Friday, November 30, 2012

hartsock village condos Travelling to Dibrugarh ( tea-city ) usefully closes a loop between Kaziranga and the Ziro Along Pas





oHotel Mona Lisa (%2320416; Mancotta Rd; r 600-1500; a), part Africa, part Cuba and possibly even a little slice of India, is a superb budget hotel with character. It s set back from the main road and everything is kept ticking along smoothly thanks to the lovely old man running it.

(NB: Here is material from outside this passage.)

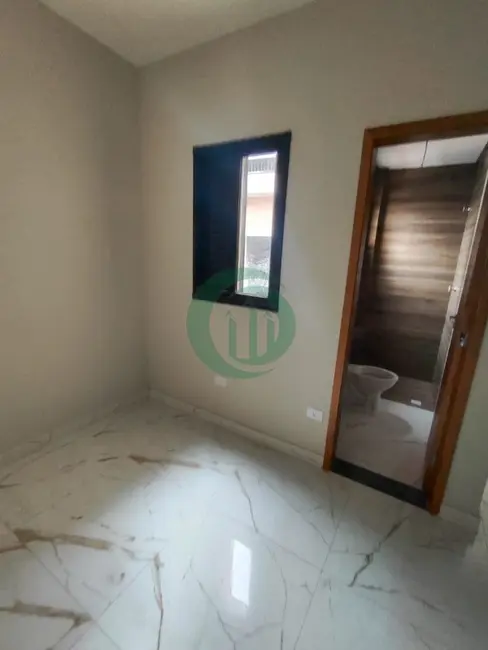 Apartamento com 2 quartos à venda, 95m2 em Vila Cecília Maria, Santo Andre - SP - imagem 7 Foto 7 de Apartamento com 2 quartos à venda, 95m2 em Vila Cecília Maria, Santo Andre - SP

Travelling to Dibrugarh ( tea-city ) usefully closes a loop between Kaziranga and the Ziro Along Pasighat route and is the terminus (or starting point) for the fascinating ferry ride along the Brahmaputra to Pasighat in Arunachal Pradesh. Dibrugarh is a rapidly growing city with a new road and rail bridge being built at Bogibeel Ghat (originally scheduled to open in 2008, it s now unlikely to be ready for some years to come) that will extend the railway system to north of the Brahmaputra.

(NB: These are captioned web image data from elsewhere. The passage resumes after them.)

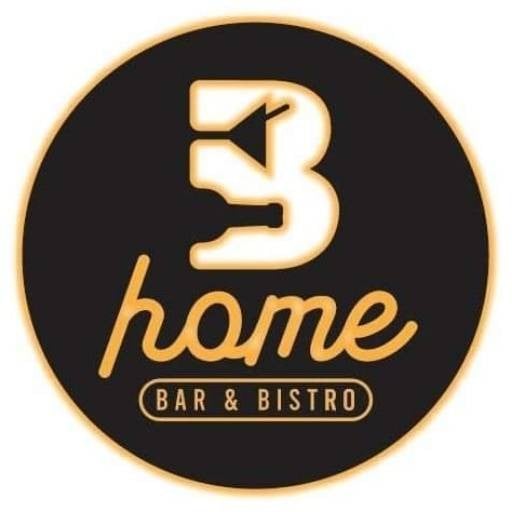 ร้าน ครัวบีโฮม (B Home Bar&Bistro) | รีวิวร้านอาหาร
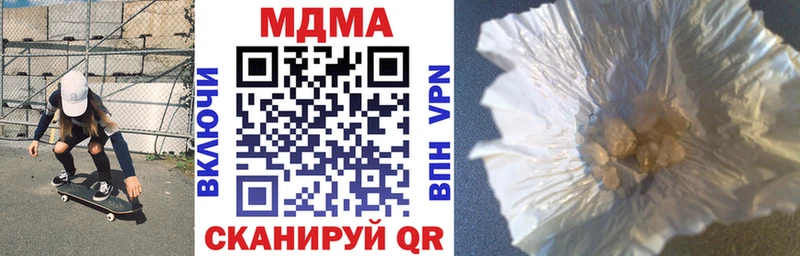 сайты даркнета состав  KRAKEN tor  Олонец  MDMA кристаллы 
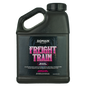 Freight Train™ 25-0-0+ Liquid Fertilizer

HEAD HUNTERS Throughout hartsock village condos northeastern India and parts of western Myanmar the Naga tribes were long feared for their ferocity in war and for their sense of independence both from each other and from the rest of the world. Intervillage wars continued as recently as the 1980s, and a curious feature of many outwardly modern settlements hartsock village condos is their treaty stones recording peace settlements between neighbouring communities. It was the Naga s custom of headhunting that sent shivers down the spines of neighbouring peoples. The taking of an enemy s head was considered a sign of strength, and a man who had not claimed a head was not considered a man. Fortunately for tourists, headhunting was officially outlawed in 1935, with the last recorded occurrence in 1963. Nonetheless, severed heads are still an archetypal artistic motif found notably on yanra (pendants) that originally denoted the number of human heads a warrior had taken. Some villages, such as Shingha Changyuo in Mon district, still retain their hidden collection of genuine skulls. Today Naga culture is changing fast, but it was not a government ban on headhunting that put an end to this tradition but rather the activities hartsock village condos of Christian missionaries. Over 90% of the Naga now consider hartsock village condos themselves Christian.